EXTRACTED DATA
• • • •

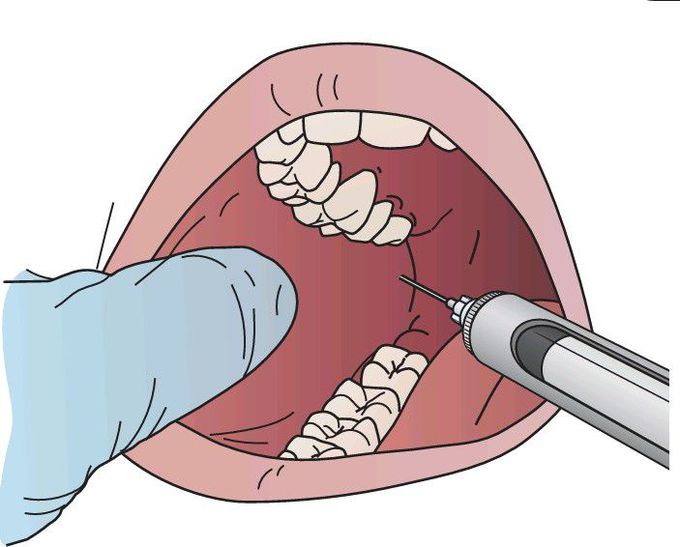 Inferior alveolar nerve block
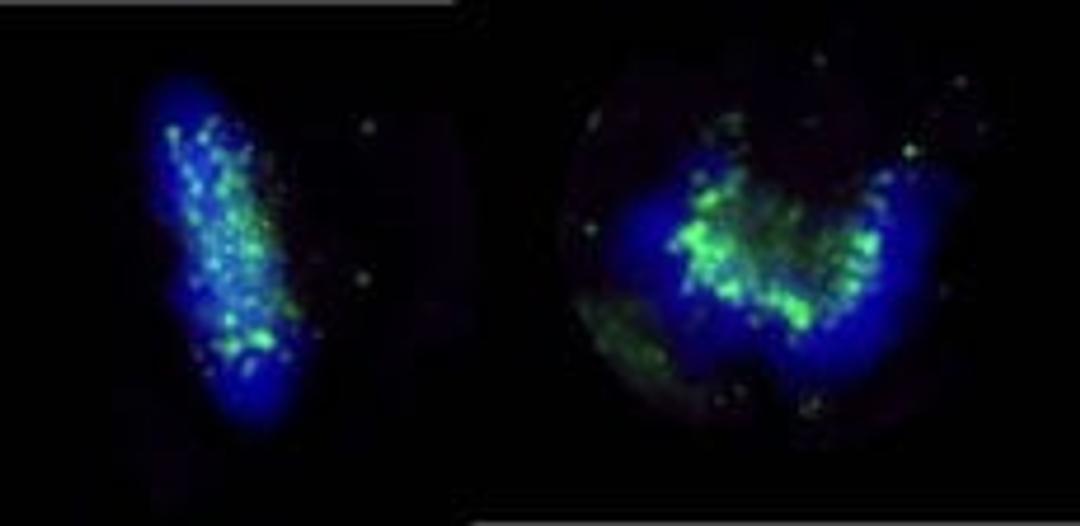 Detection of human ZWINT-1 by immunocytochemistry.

• • • •

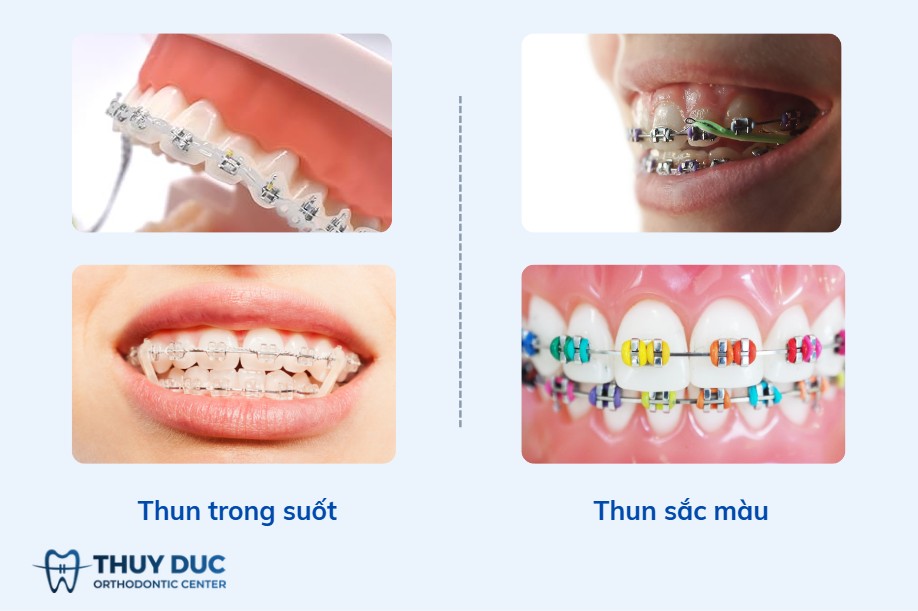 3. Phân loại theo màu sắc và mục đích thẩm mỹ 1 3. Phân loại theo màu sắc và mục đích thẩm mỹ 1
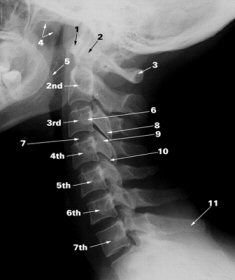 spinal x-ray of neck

• • • •

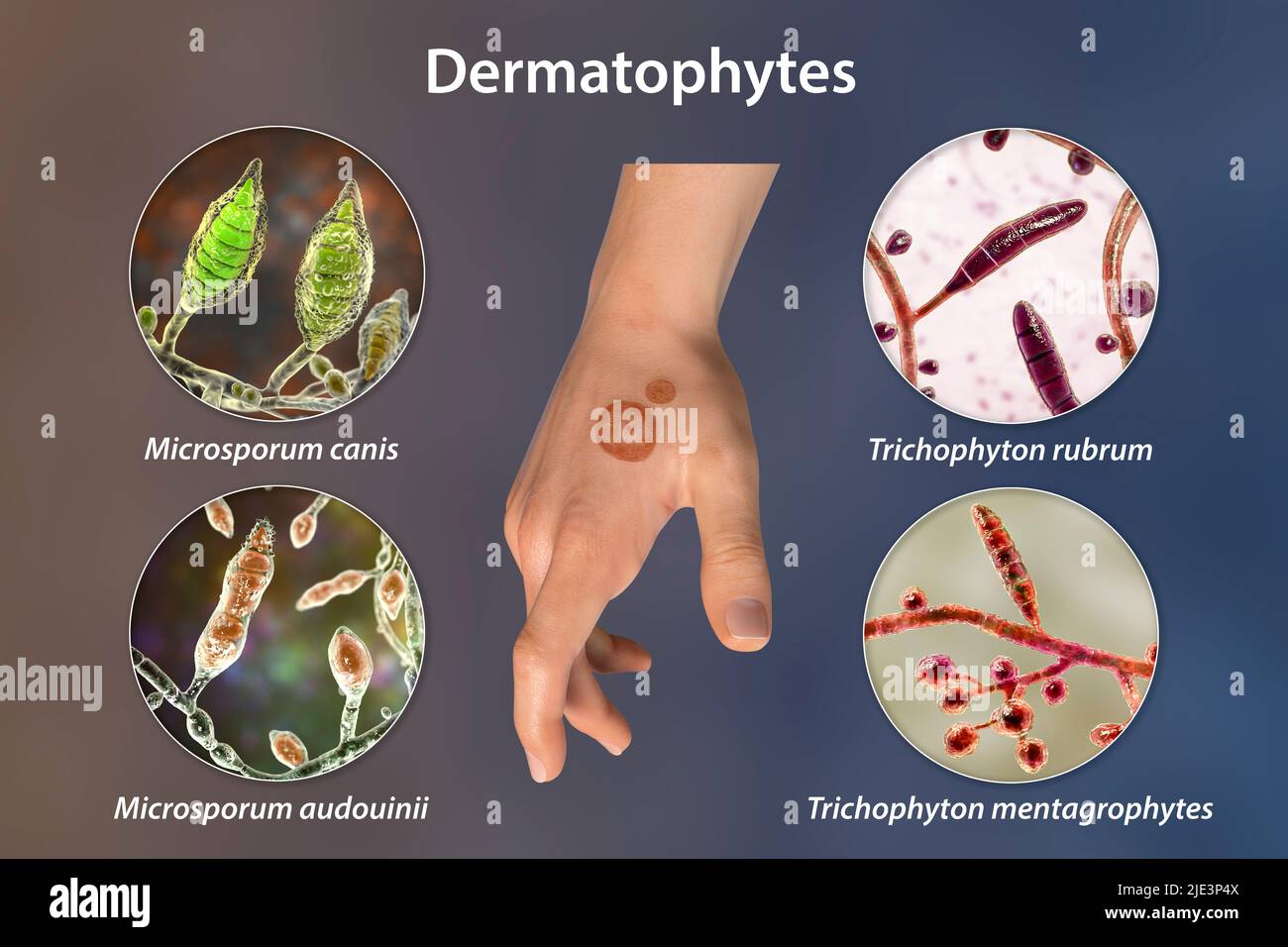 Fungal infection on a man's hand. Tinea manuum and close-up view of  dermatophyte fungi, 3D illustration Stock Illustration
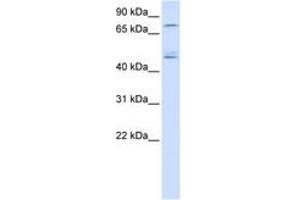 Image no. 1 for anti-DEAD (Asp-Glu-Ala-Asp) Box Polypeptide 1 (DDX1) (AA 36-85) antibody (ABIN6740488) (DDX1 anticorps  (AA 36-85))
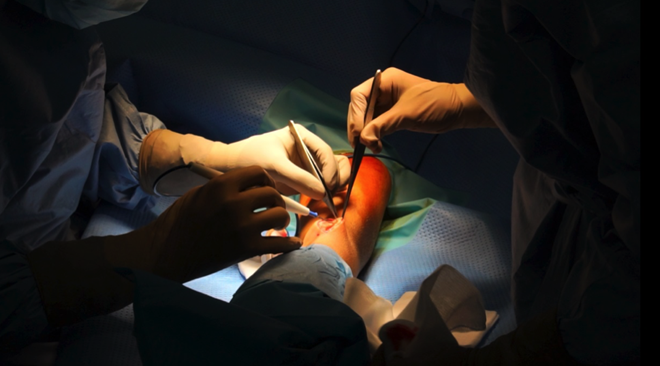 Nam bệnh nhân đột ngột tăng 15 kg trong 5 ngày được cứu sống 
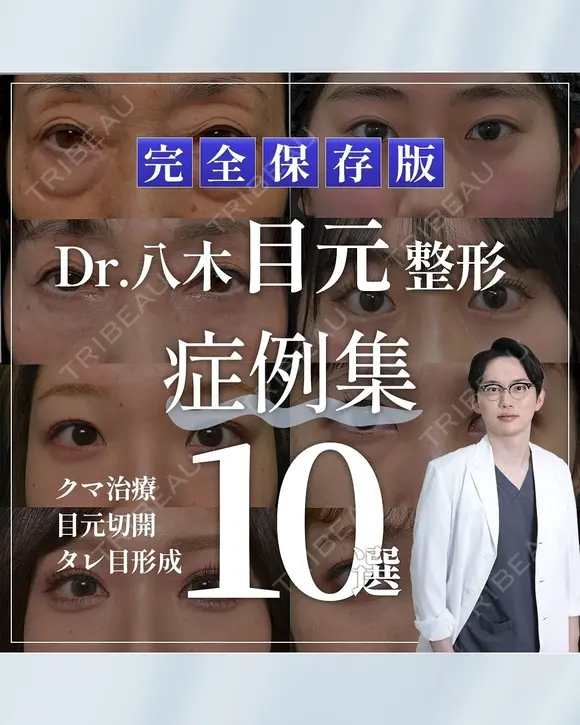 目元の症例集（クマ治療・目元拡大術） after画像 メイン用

• • • •

BRIEF
Go to the line above that has "Fungal infection on" and copy exactly from there down to the line that has "目元の症例集（クマ治療・目元拡大術） after画像 メイン用", both included. Leave the pictures out.

EXERCISE ANSWER
 Fungal infection on a man's hand. Tinea manuum and close-up view of  dermatophyte fungi, 3D illustration Stock Illustration
 Image no. 1 for anti-DEAD (Asp-Glu-Ala-Asp) Box Polypeptide 1 (DDX1) (AA 36-85) antibody (ABIN6740488) (DDX1 anticorps  (AA 36-85))
 Nam bệnh nhân đột ngột tăng 15 kg trong 5 ngày được cứu sống 
 目元の症例集（クマ治療・目元拡大術） after画像 メイン用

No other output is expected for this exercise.